How Good Messaging Is Like Convincing An American To Eat Escargot
When I was 13 I took French at school. My teacher was a whiz at teaching the language but was also invested in teaching us French culture. We had lessons on the significance of la bise (the kiss on the cheek upon greeting a friend) and how to greet someone properly based on their relationship to you, we learned about stained glass and flying buttresses, we learned about the difference between Santa Clause and Père Noel. We also were given the opportunity to participate in a full-course French meal at a restaurant in Salt Lake City, Utah called La Caille.

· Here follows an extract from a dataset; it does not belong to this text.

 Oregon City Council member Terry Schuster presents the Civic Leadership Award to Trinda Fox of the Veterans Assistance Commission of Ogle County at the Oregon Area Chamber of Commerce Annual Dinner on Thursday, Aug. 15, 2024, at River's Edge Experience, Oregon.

La Caille is, in short, fancy. And as such a group of thirteen and fourteen-year-olds required a lesson in etiquette. An employee of La Caille visited our class to teach us the use of each piece of silverware, how to indicate we are finished eating, the order of the courses and their purpose, overall French dining etiquette. And most intriguing: how to eat escargot.

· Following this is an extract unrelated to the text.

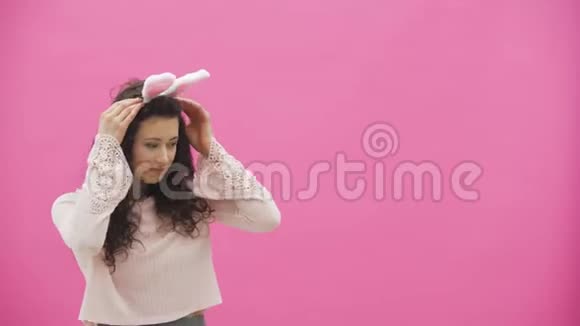 年轻漂亮的女孩站在粉红色的背景上女孩像兔子一样移动轻轻的看着镜头笑了视频的预览图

As a vegetarian the prospect of eating escargot was wrought with conflicting feelings. Obviously, I wouldn’t want to eat meat—even snail meat. However, I didn’t want to deny myself any scrap of authenticity of French culture.
For many other people, however, the dilemma wasn’t, “To eat meat, or not to eat meat?” The dilemma was, “Snails??? That’s disgusting!” It is no secret that snails—even buttered and garlic-infused snails—are not a typical part of American cuisine. So to encounter such a dish is often met with disgust.
Despite initial revulsion, most of my classmates (myself included) ate the escargot offered to us at La Caille. And most of us liked it.
How did that happen?
What it really came down to is messaging. In PR, messaging is used to relay to the public the key phrases, words, and intents that a company wants the public to hear. In the case of escargot that is consumed by squeamish adolescents, the messaging might have been, “Escargot is a French delicacy that should never be missed if you want to truly experience French culture.” Or perhaps the key message that worked for many people was simply, “Butter.”
Whatever the case, good messaging allows consumers to look at a product or event or idea from a perspective they might not have considered without it. Good messaging also ensures that your product or company is represented in the most accurate light, and that everyone involved is on the same page for discussing the company in the media.
If good messaging can convince a group of junior high students to eat snails, what can it do for you?